REWE Group Sustainability Report 2018

Materiality Analysis

From the food retail sector and DIY stores to travel and tourism – REWE Group is broadly positioned with its business segments and fields of activity. Equally diverse are the potentially significant sustainability aspects that can affect the company. In addition to other instruments such as product-related risk analyses, the materiality analysis is a method that REWE Group uses to identify material topics and set priorities when developing measures. In particular, the assessment of internal and external stakeholders as well as the impact of company activities on people, animals and the environment play an important role here.

GRI 102-46:

Defining report content and topic Boundaries

To adapt to changed circumstances, REWE Group updated its materiality analysis in 2018. The results of the previous analysis from 2014 formed the basis for this. As part of an internal workshop, managers from all business segments of REWE Group checked the originally 38 sustainability topics for timeliness, relevance, lack of focal points, and in terms of positive and negative effects. Benchmarks were performed for this and the list of topics was compared with the guidelines of the Global Reporting Initiative (GRI). The result was a list of 18 sustainability topics.

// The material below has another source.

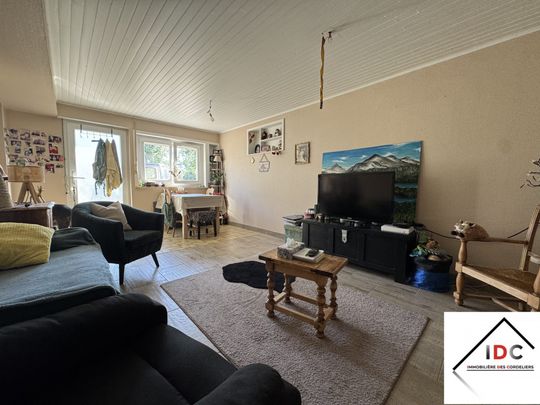 Location Appartement 2 pièces 49m² SARREBOURG 57400 - Photo 1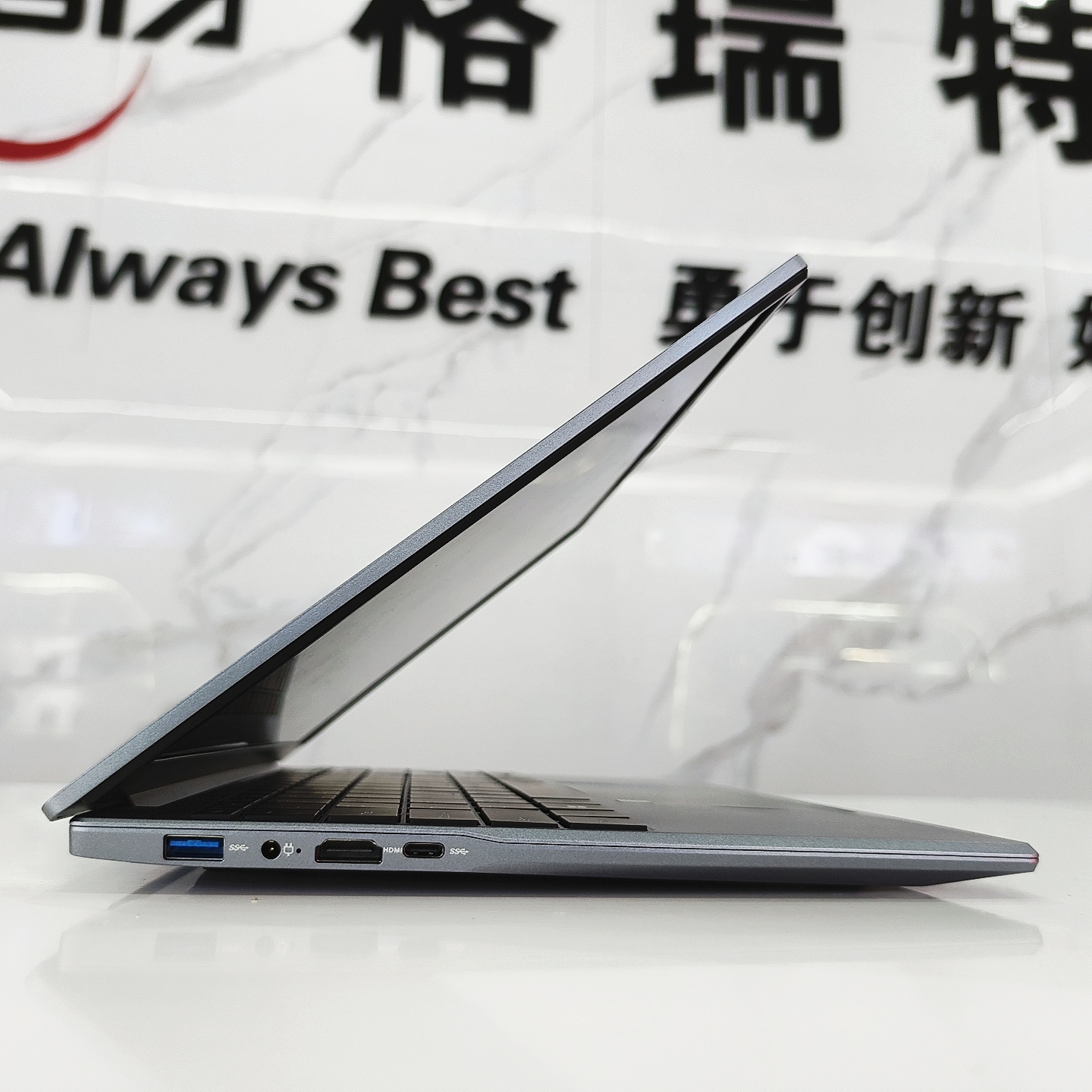 Ноутбук Great Asia TK-E157D CPU: AMD R5 3500U, 8Gb RAM, 256Gb SSD, Win11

In addition to these 18 topics, REWE Group defined five further topics. These were not discussed further in the analysis, however, since they concern higher-level management concepts that are particularly relevant for the business activities of REWE Group, or the company needs to disclose information relating thereto due to requirements of the GRI:

  • Sustainability in company management
  • Integrity and compliance
  • Fair business relationships
  • Dialogue
  • Business performance

In a second step, REWE Group conducted an online consumer and employee survey. In total, 4,772 stakeholders in Germany and Austria* assessed the previously consolidated 18 topics in terms of their relevance. In the results, the respondents rated the following topics as particularly relevant for REWE Group: more environmentally friendly packaging, climate protection, animal welfare, fair working conditions, and environmental aspects in the supply chain. Compared with the last stakeholder survey in 2014, the topics of more environmentally friendly packaging and environmental aspects in the supply chain have increased significantly in relevance. In order to find out about stakeholder expectations, the cross-sectoral topic of “digitalisation and sustainability” was a new inclusion for this financial year. In the results, it was of significantly less relevance for the stakeholders in relation to the other topics. For this reason, no separate report chapter was created. However, REWE Group continues to pursue the internal and external requirements arising from this cross-sectoral topic for the different areas.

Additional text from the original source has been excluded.